Beim Cloud Computing in Deutschland ist der Knoten geplatzt - wie sehen Sie die Entwicklung, und was hat letztlich den Wandel herbeigeführt?
Axel Rupp: Die Cloud ist definitiv in den Unternehmen angekommen. Das sehen wir gerade im Automotive-Sektor, aber auch anderen Branchen, wie etwa Versicherungen. Meiner Einschätzung nach sind zwei Gründe dafür ausschlaggebend: Erstens sind Marktpenetration und Leistungsfähigkeit der Hyperscaler sowie ihrer Cloud-Plattformen unheimlich stark geworden, man denke nur an die Themen Sicherheit und Innovationskraft. Mit welcher Geschwindigkeit sie neue, komplexe Funktionen, etwa im Analytics- oder KI-Bereich, einführen, ist atemberaubend. Zweitens stecken viele Anwenderunternehmen im Spannungsfeld aus Kostendruck und Zukunftsfähigkeit. Neben der Geschwindigkeit und Agilität, um neue Wettbewerber und Geschäftsmodelle abzuwehren, müssen sie stabil und verlässlich bleiben, denn professionelle Unternehmen sind nun mal nicht im Freestyle unterwegs. In diesem Spannungsfeld der Gegensätze werden die Themen Cloud und insbesondere Cloud Native nach vorne getrieben.

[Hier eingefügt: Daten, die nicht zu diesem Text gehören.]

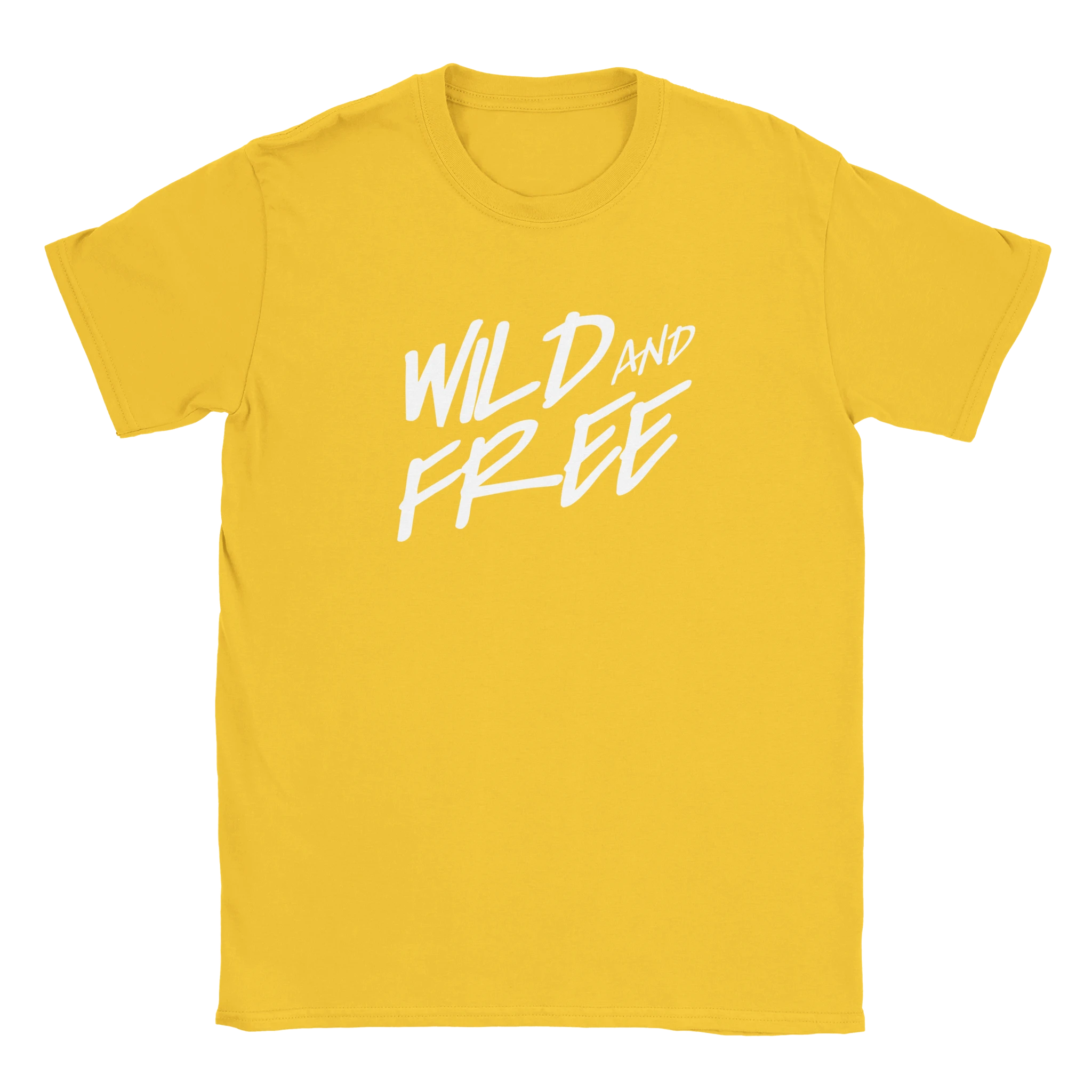 Women's yellow T-shirt with bold white 'WILD AND FREE' retro slogan.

Gehen die Unternehmen inzwischen weiter oder sind sie noch in der Pilotphase?
Rupp: Viele Unternehmen sind inzwischen über Testmigrationen oder das Ausprobieren bei unkritischen Applikationen hinaus. Dies gilt besonders für Konzerne. Schließlich lassen sich die Vorteile nur unzureichend realisieren, wenn halbherzig und ohne Strategie in die Cloud gegangen wird. Der Trend geht aber klar zu Cloud Native. Hier gehören neben der Kerntechnologie auch Themen wie DevOps, CI/CD, Container-Technologien und Microservices auf die Agenda - gerade das Thema DevOps erfordert die Transformation der Organisation, die entsprechend daran angepasst und leistungsfähiger gestaltet werden muss. Alles in allem ist es eine vielschichtige Aufgabe.
Zur Studie "Cloud Native 2020"
"Cloud Native ist weit mehr als die reine Technologie"

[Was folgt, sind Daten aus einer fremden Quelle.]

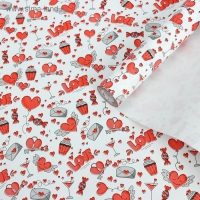 Бумага упаковочная крафт "Валентинки", 0,55 х 10 м, 70 г/м&sup2;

In einer aktuellen IDG-Studie zu Cloud Native haben viele Befragte dieses Thema weit oben priorisiert und sich einen überraschend hohen Reifegrad attestiert. Ist die Einschätzung realistisch?

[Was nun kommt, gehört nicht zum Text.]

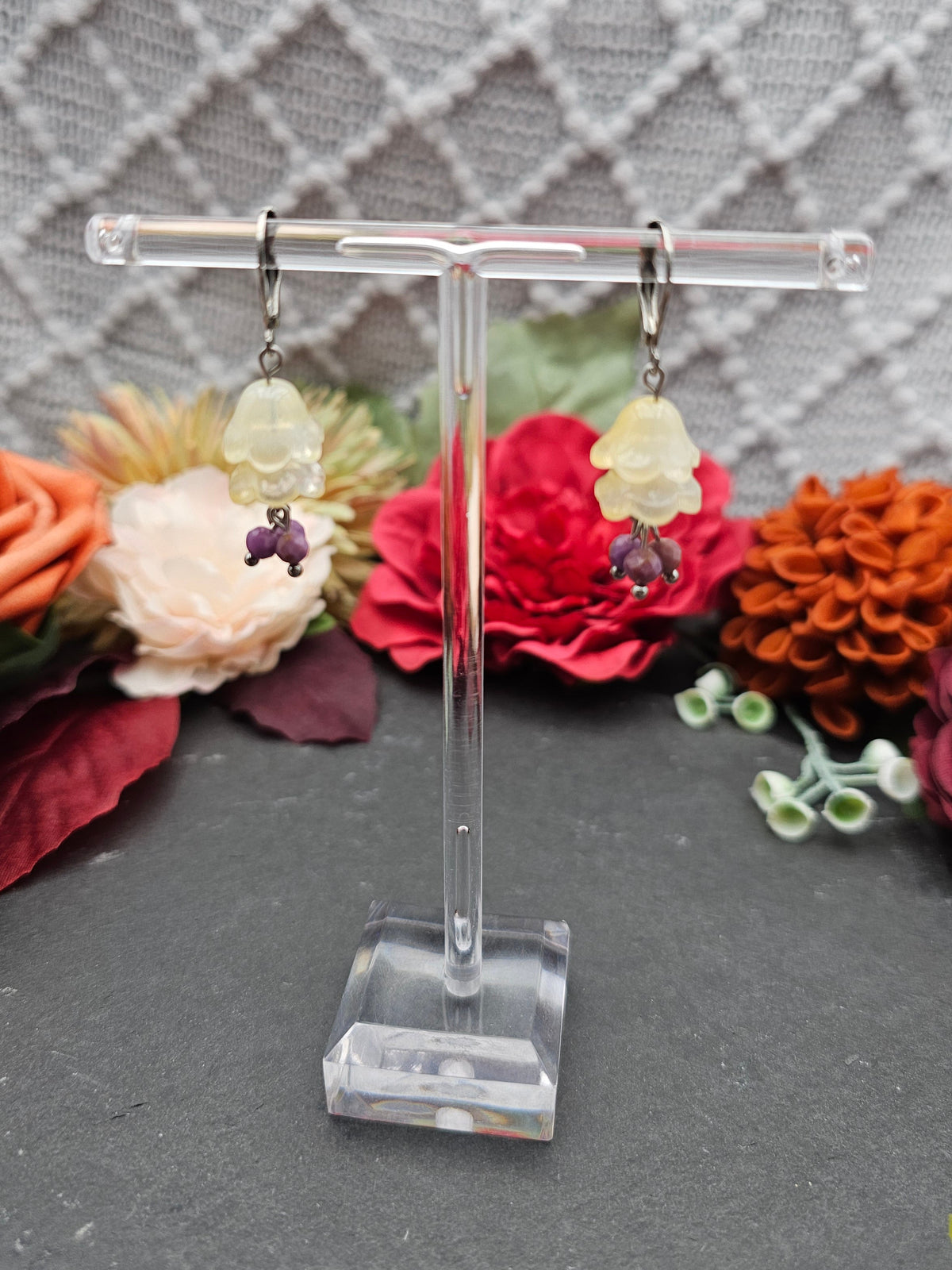 Ohrringe Floral Gelb | Lepidolith | Edelstahl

Rupp: Man muss die Situation differenziert betrachten, Cloud Native ist weit mehr als die reine Technologie. Wenn viele Unternehmen sagen, dass sie schon sehr weit sind und viele Projekte machen, bin ich nicht sicher, ob sie das Thema in der Breite vollständig betrachten. Aber ich bin überzeugt, dass die Relevanz von Cloud Native in den Unternehmen angekommen ist und weiter steigen wird. Nach der Phase der ersten Projekte geht es jetzt darum, die gesamtheitliche Transformation in diesem Kontext zu planen und umzusetzen.
Das klingt nach einer gewaltigen Drohkulisse - sind die Organisationen heute überhaupt bereit dafür?
Rupp: Cloud Native bedeutet in der Tat einen großen Wandel, aber Lift & Shift allein ist einfach zu kurz gegriffen - vor allem, wenn Kosteneinsparungen ein zentrales Thema sind. Schließlich wurden die wenigsten Anwendungen für die Cloud gebaut, weshalb sie die Vorteile nur schwer realisieren können. Daher muss Cloud Native hier viel weiter gehen. Das gelingt nur, wenn die Transformation strategisch angegangen wird: Es muss entschieden werden, ob sich die Business-Logik einer Legacy-Applikation in Microservices entwickeln lässt, wie das erreicht wird, welche Skills notwendig sind und wie ein Unternehmen von den Cloud-Native-Funktionalitäten profitieren kann. Security, Analytics, Artificial Intelligence (AI) oder die Dunkelverarbeitung öffnen viele Möglichkeiten für Verbesserungen und auch Beschleunigung.
In der IDG-Studie zeigte sich auch, dass sich die Geschäftsleitung mehr von der Entwicklung verspricht als etwa Befragte von IT-Abteilungen. Wie beurteilen Sie dieses Ergebnis?
Rupp: Dies wäre zumindest ein wichtiger Erfolgsfaktor. Das Thema muss von oben getrieben werden, denn Cloud Native ist kein Buzzword, sondern eine Antwort auf eine Vielzahl von Anforderungen des Business. Und diese müssen vom Management präzise dargestellt werden. Hier geht es um Änderungen am Geschäftsmodell, um neue Märkte, die Fähigkeit zur schnellen Anpassung sowie um innovative Produkte, die innerhalb von Tagen auf dem Markt kommen müssen. Ein Beispiel sind Fintechs und Insurtechs, die mit schnell verfügbaren und skalierbaren Lösungen den großen Playern das Leben schwermachen. Das triggert wiederum deren Technologieerwartungen in kürzere Entwicklungszeiten, höhere Stabilität und einfache Softwarelebenszyklen. Diese Punkte lagen in der Studie in der Erwartungshaltung auch ganz vorn. Cloud Native wird nicht zum Spaß betrieben, sondern weil es Wettbewerbsvorteile ermöglicht.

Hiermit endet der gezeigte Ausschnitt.